An educational look inside the dancer – The Pelvis

As cliché as it reads, “the body is the dancer’s instrument.”  We use the body, rely on the body, and depend on the body to do our job.  We must listen to it too.  When we have a  muscle spasm we have to consider drinking more water, when the body is fatigued we must calm our dancing, when we bruise we have to adjust our diet, and when our bones become fragile we may consider increasing our intake of calcium.  To meet the demands of our work (rehearsing and performing, day-after-day, season-after-season), we must listen to our bodies.  Beyond this listening act, dancers’ aren’t required to know the education behind the body, but for those who are interested; dancehealthier would be pleased to fill you in.
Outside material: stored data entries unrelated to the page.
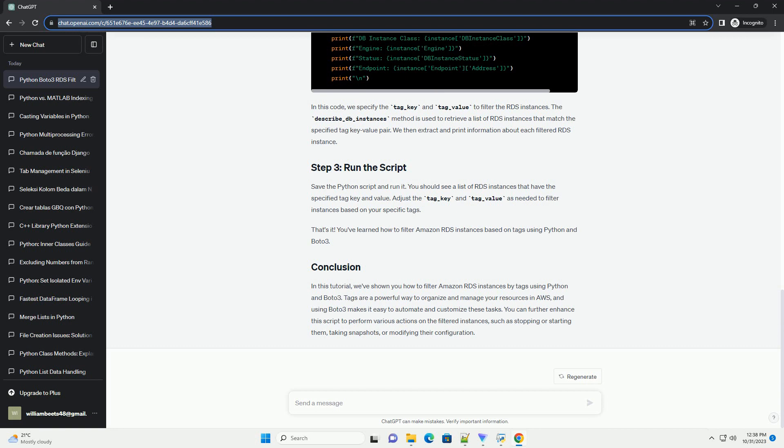The describe_DB_instances method is used to retrieve a list of RDS instances that match the specified tag key-value pair. We then extract and print information about each filtered RDS instance.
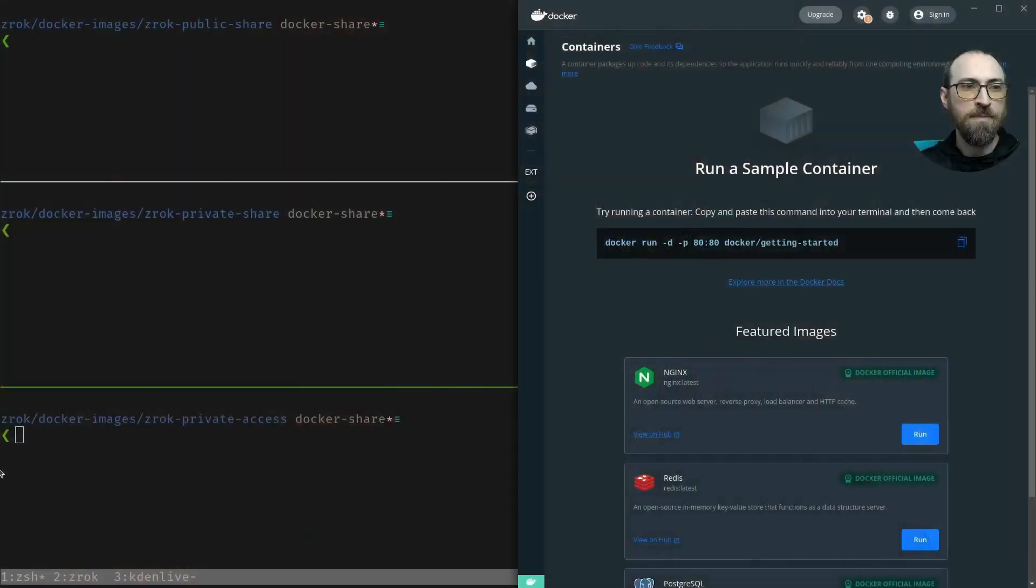Hey there. Welcome back to the Zrok use cases video series. I'm Ken and today we are talking about sharing privately with Docker and Zrok. Let's jump right in.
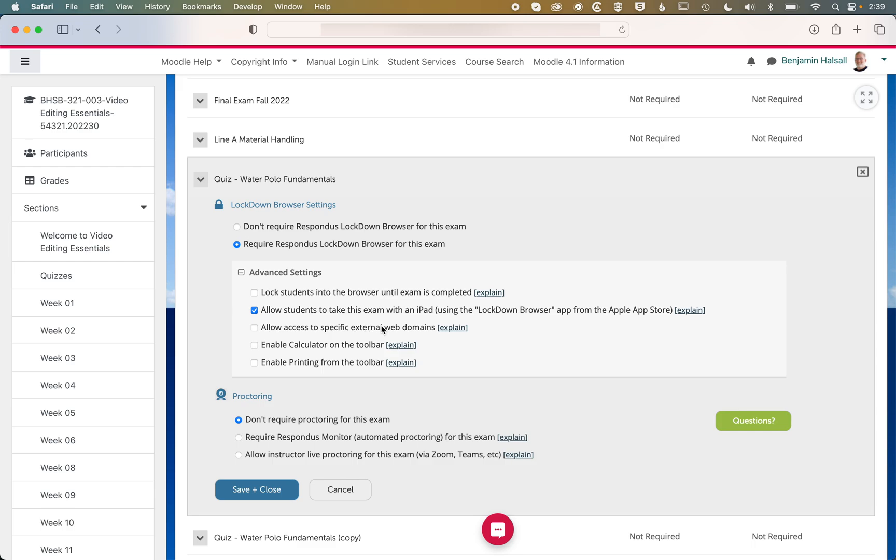And there's some more things to consider there in terms of how students are accessing that content. If you embed PDFs or PowerPoints into your quiz, then you can allow students to open those within Lockdown Browser without any other settings. It'll basically open them in a new tab, and students will be able to refer to those during the quiz or exam.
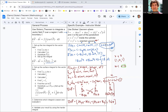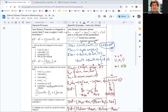Next, substitute the parameterization into the curl: x is u cosine v, y is u sine v, z is u squared. So 24yz becomes 24u cubed sine v, and 18x becomes 18u cosine v. Distributing the negative, negative 24xz becomes negative 24u cubed cosine v, and negative 18y becomes negative 18u sine v. The last component, 36z, becomes 36u squared.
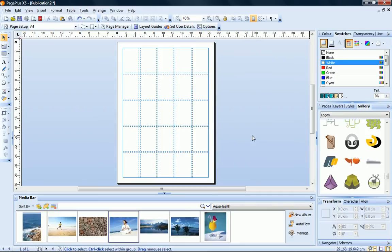Great, I now have a grid framework that I can use to place my page elements. Remember that these are guidelines only, they won't be printed on the document.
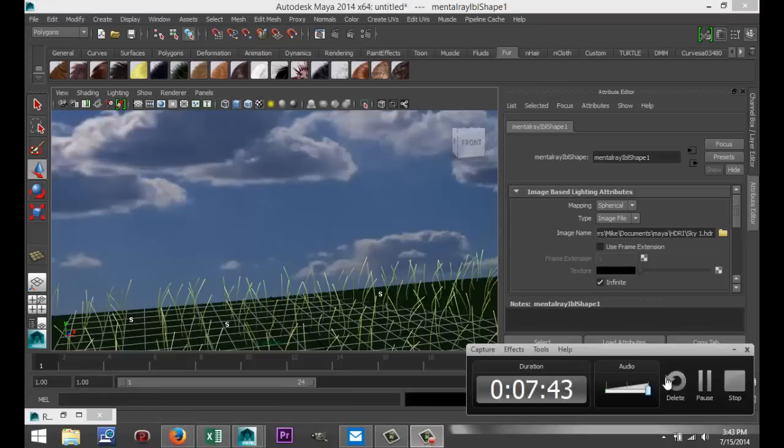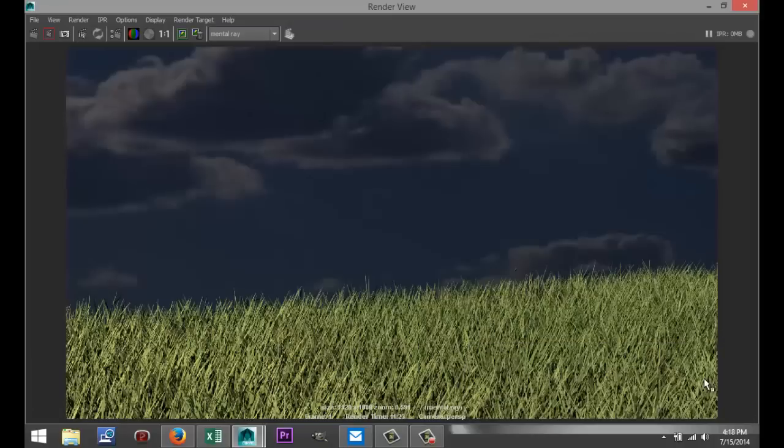Here we go. This is the final render — looks like a sunny day with some dark weather coming in. Hopefully this short tutorial was helpful. If you've got any questions, as always please leave them in the comments section. Thanks very much for watching — see you guys next time.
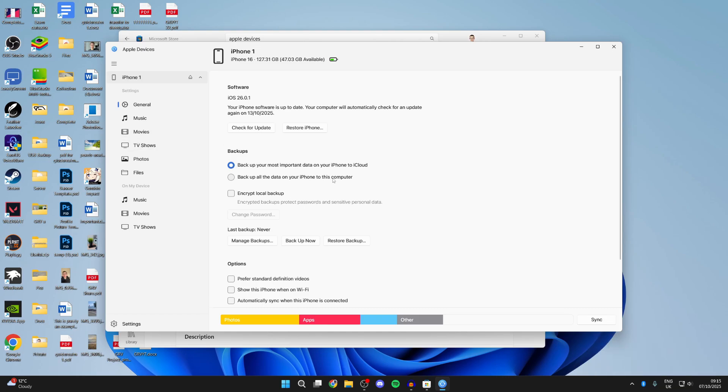To start a backup, come into backups, and you can press backup now. You can also come over to the left and start syncing your music and other things as well.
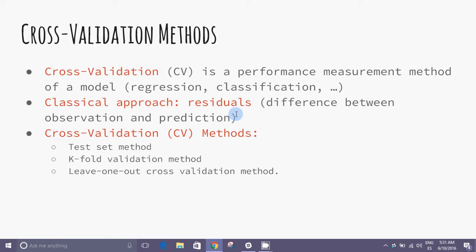The classical well-known method of performance test based on residual analysis has a problem. The problem: it does not give an indication of how well the model works making predictions for unseen data.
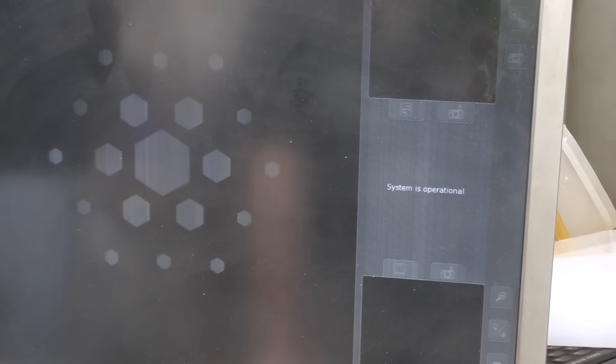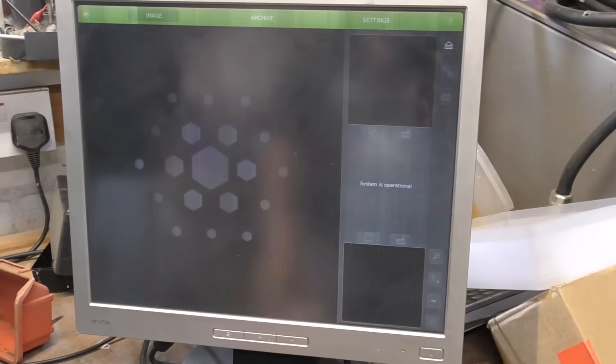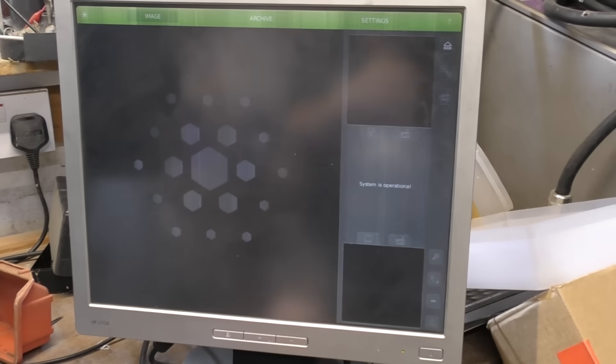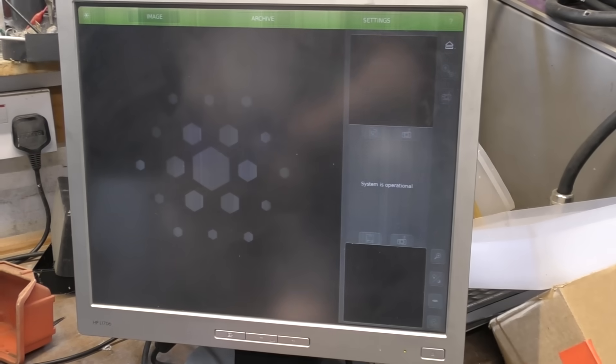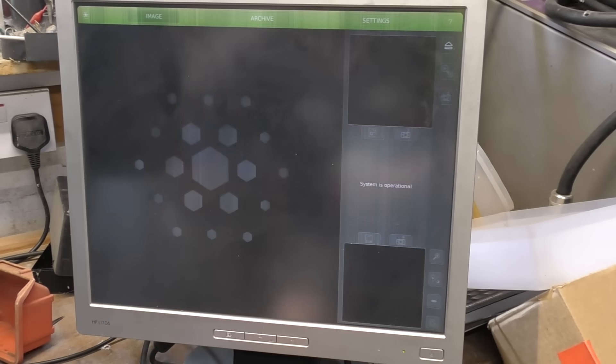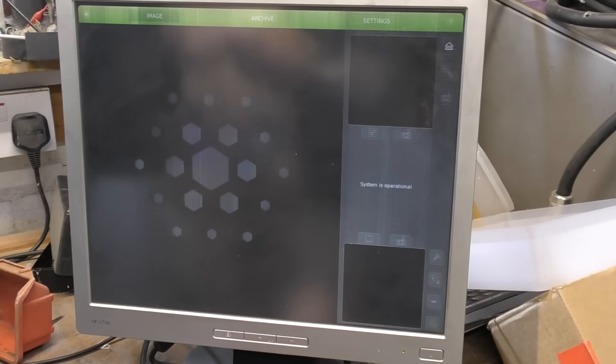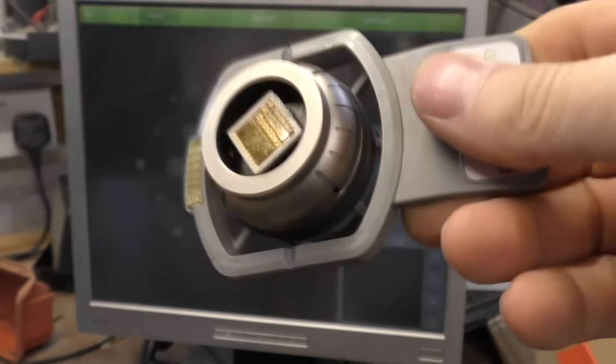I left this running overnight to put it through its 14-hour pump down cycle. Let's see what happens when we get to the end of that. We've got to the point where it says system operational. Let's stick a sample in.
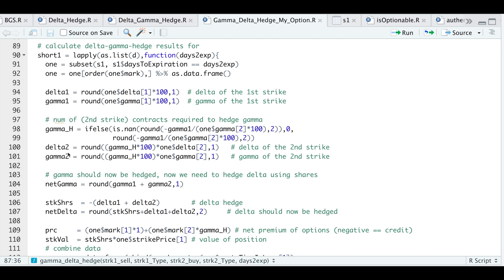Since the number of contracts changes, we need to adjust our deltas and gammas for the second strike — that's what these two lines are doing. Now gamma should be hedged, and we can verify that by adding gamma one and gamma two to get our net gamma. The next thing we need to hedge out is our deltas, using the underlying symbol. To get the number of shares required, we add the delta of the first option and the delta of the second option. To verify the delta is hedged, we add the stock shares plus delta one and delta two. So now we have our gammas and deltas hedged.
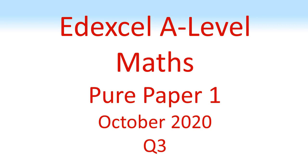NXL, A-Level Maths, Pure Paper 1, October 2020, Question 3.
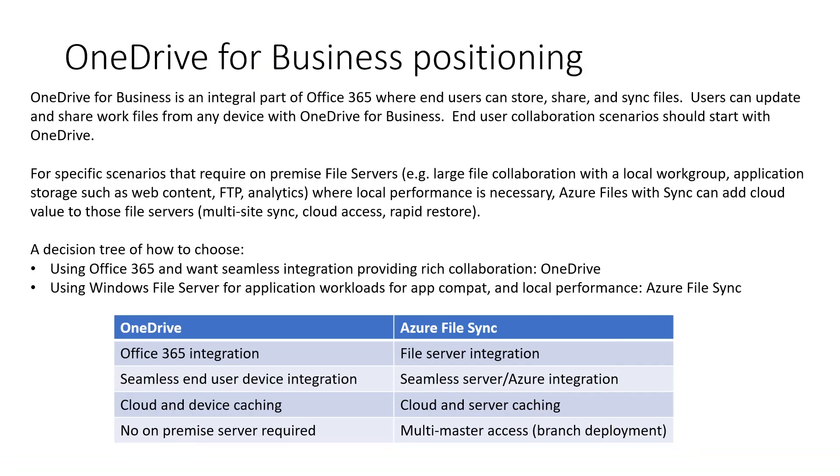OneDrive for Business is an integral part of Office 365 where end users can store, share and sync files. Users can update and share work files from any device with OneDrive for Business. End user collaboration scenarios should start with OneDrive.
Today, dancehealthier, will continue the series, “An educational look inside the body,” with a special look at the Pelvis.  Indeed, the pelvis is crucial to a dancer’s movement, flexibility, alignment and strength.  So let’s study it!

Pelvis:

The two coxal bones (hip bones) along with the sacrum and coccyx (tail bone) form the bony pelvis.  These bones are heavy and massive in weight and size.  The sockets for the heads of the femurs are deep and heavily attached by ligaments to ensure an extremely strong limb (leg) attachment.  The pelvis is structured and anatomically responsible for bearing weight, even more so than its responsibility for mobility and flexibility (which may be surprising to some dancers).  In fact, the combined weight of the upper body rests on the pelvis, putting into perspective its weight bearing responsibility.

To better understand the pelvis, dancehealthier would like to compare the male and female pelves.  These differences have an impact on center of balance and anatomical alignment for the female and male dancer.  The hope is to educate dancers, coaches and teachers to better know the body while correcting technique.

Female Pelvis:

General Stucture:  Tilted forward, broad, shallow and has a greater capacity.  Adapted for childbearing.  Wider.

Bone Thickness:  Less, bones lighter, and smoother

Sacrum: Wider, shorter, sacrum less curved

Coccyx:  More moveable.

Male Pelvis (Left) & Female Pelvis (Right)

Male Pelvis:

General Structure: Tilted less foward, adapted for support of a male’s heavier build and stronger muscles;  More narrow.

Bone Thickness:  Greater; Bones heavier and thicker

Sacrum:  Narrow, longer

Coccyx:  Less moveable.

This explains why most men can turn better and longer, and jump higher and higher than the average female dancer.  But, it doesn’t mean that females can’t turn better and longer too.  Anatomically understanding these differences, may bring up some questions?  Should we approach technique differently for males versus females due to anatomical differences?  Or maybe we already do – naturally.